What you have to do: Copy out each line below that has the word "Baby" in it.

Excerpted data:
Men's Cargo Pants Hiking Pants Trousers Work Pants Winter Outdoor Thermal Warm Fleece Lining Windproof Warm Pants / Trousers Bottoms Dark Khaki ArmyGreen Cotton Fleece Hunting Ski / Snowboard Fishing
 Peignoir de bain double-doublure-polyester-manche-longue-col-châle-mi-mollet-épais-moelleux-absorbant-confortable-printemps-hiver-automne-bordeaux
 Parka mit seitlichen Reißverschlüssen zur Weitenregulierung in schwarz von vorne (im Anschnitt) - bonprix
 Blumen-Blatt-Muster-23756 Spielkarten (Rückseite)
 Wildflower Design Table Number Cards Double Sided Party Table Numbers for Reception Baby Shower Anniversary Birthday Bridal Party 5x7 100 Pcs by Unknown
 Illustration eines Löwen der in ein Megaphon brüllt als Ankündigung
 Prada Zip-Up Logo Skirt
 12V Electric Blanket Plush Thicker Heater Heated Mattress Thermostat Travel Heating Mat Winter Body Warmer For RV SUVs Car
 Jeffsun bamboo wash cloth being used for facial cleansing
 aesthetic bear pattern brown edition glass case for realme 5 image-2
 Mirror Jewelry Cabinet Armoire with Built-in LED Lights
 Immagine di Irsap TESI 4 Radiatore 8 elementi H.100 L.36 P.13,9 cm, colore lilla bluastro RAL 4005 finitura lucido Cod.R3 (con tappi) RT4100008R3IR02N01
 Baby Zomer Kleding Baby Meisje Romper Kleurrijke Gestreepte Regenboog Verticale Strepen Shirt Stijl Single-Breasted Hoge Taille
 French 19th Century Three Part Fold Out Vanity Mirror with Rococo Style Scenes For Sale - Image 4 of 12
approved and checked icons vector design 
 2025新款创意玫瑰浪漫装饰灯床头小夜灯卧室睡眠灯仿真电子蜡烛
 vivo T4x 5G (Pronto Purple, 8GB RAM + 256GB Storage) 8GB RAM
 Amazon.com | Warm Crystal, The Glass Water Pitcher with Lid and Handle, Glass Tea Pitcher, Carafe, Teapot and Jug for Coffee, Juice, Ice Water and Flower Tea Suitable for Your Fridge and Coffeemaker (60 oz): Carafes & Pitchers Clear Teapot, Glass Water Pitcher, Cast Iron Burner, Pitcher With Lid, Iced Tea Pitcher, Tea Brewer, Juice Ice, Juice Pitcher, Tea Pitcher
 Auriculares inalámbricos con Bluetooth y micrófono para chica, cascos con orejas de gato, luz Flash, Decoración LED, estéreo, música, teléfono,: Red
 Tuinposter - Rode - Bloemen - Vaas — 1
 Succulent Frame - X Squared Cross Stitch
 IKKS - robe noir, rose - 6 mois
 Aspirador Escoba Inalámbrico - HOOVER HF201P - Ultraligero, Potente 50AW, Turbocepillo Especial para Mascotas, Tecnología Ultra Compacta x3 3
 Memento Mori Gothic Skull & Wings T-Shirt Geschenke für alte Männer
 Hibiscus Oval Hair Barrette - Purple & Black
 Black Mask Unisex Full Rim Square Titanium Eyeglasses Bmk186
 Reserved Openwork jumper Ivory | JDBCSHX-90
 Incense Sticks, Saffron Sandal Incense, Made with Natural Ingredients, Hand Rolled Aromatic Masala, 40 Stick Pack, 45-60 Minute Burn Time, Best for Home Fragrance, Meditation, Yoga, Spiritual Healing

Written response:
 Wildflower Design Table Number Cards Double Sided Party Table Numbers for Reception Baby Shower Anniversary Birthday Bridal Party 5x7 100 Pcs by Unknown
 Baby Zomer Kleding Baby Meisje Romper Kleurrijke Gestreepte Regenboog Verticale Strepen Shirt Stijl Single-Breasted Hoge Taille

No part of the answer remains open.